(Beginning of DATA FOR THE TASK)
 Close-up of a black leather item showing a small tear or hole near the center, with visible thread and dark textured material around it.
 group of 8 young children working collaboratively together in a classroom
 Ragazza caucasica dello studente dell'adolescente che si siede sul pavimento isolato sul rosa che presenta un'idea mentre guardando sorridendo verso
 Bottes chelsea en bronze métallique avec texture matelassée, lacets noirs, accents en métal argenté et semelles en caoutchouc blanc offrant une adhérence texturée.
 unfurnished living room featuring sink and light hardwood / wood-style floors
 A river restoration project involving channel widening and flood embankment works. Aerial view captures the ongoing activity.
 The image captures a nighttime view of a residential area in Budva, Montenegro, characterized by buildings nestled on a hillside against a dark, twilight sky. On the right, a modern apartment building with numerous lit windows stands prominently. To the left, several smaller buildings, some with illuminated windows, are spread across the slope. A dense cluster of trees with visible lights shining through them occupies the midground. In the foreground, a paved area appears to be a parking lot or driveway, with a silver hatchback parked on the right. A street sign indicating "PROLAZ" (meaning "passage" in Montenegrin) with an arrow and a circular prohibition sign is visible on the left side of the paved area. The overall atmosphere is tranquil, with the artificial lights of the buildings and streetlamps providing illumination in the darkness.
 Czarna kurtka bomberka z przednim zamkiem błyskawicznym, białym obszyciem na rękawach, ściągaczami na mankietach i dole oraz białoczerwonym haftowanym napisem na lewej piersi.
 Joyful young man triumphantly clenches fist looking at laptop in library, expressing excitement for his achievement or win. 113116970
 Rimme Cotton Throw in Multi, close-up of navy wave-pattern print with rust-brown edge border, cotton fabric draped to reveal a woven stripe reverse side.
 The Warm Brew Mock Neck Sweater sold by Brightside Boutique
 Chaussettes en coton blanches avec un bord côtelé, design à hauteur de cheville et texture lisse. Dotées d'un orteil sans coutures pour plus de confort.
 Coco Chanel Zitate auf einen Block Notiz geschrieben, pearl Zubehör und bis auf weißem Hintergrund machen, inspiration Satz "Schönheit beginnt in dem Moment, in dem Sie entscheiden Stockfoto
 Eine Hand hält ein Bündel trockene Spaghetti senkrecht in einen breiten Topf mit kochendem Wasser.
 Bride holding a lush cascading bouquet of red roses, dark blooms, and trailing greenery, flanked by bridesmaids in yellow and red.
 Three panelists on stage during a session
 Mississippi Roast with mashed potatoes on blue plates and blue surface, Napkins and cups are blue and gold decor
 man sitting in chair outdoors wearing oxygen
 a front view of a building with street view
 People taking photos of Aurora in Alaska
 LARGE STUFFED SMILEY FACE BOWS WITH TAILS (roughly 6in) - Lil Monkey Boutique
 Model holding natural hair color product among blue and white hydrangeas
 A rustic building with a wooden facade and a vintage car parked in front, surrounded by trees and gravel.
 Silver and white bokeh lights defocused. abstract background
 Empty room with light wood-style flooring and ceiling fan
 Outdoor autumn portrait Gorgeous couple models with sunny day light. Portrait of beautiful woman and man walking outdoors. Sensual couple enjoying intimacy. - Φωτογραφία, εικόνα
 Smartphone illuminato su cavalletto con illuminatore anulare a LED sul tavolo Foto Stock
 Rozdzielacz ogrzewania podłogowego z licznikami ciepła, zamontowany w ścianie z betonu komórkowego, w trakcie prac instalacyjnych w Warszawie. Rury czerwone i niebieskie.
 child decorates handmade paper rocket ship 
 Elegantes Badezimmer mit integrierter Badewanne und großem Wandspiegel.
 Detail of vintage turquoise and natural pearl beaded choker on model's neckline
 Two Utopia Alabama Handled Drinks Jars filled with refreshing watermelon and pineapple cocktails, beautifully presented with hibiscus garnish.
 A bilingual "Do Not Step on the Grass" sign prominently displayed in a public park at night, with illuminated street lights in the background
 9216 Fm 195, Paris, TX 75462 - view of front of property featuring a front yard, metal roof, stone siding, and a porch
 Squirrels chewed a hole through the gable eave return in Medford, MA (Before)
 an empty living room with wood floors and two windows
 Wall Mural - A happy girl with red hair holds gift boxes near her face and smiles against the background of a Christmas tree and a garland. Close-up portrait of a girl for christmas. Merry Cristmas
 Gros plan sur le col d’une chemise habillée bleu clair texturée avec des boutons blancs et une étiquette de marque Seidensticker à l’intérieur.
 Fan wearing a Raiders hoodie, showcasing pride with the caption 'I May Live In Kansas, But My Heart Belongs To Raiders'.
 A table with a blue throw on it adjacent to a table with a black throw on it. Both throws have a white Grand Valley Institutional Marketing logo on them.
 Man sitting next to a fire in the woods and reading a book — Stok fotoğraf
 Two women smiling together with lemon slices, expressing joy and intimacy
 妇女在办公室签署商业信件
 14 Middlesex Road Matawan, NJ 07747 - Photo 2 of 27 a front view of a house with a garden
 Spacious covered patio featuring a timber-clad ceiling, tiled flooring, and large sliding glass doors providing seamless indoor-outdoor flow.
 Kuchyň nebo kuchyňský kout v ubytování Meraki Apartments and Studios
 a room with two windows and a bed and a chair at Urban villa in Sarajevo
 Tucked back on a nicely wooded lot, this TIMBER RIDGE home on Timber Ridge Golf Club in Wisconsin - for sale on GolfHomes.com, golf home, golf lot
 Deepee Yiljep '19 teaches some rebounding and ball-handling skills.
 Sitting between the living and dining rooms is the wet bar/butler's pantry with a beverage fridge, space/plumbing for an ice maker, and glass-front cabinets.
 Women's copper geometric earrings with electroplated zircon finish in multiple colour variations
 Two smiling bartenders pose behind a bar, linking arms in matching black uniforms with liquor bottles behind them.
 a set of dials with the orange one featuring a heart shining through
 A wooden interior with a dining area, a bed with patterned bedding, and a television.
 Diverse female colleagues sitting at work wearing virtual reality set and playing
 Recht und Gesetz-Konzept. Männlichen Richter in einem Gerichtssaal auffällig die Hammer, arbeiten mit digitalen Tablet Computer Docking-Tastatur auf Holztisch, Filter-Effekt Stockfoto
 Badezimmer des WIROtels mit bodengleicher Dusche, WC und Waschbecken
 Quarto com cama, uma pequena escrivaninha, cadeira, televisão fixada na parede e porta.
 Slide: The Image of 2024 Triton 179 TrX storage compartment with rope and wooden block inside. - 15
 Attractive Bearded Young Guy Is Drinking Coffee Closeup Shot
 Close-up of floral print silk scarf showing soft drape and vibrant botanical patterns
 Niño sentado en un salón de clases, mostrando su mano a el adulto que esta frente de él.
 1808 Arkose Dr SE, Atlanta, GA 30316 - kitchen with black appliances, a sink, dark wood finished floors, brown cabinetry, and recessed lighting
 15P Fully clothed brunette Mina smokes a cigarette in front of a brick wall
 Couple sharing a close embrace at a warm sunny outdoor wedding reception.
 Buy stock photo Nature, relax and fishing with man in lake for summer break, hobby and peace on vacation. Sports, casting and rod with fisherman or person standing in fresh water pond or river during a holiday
(End of DATA FOR THE TASK)
INSTRUCTIONS TO FOLLOW: Copy the entries above exactly, but only from the line holding "Squirrels chewed a" through the line holding "Fan wearing a", both included.

RESULT:
 Squirrels chewed a hole through the gable eave return in Medford, MA (Before)
 an empty living room with wood floors and two windows
 Wall Mural - A happy girl with red hair holds gift boxes near her face and smiles against the background of a Christmas tree and a garland. Close-up portrait of a girl for christmas. Merry Cristmas
 Gros plan sur le col d’une chemise habillée bleu clair texturée avec des boutons blancs et une étiquette de marque Seidensticker à l’intérieur.
 Fan wearing a Raiders hoodie, showcasing pride with the caption 'I May Live In Kansas, But My Heart Belongs To Raiders'.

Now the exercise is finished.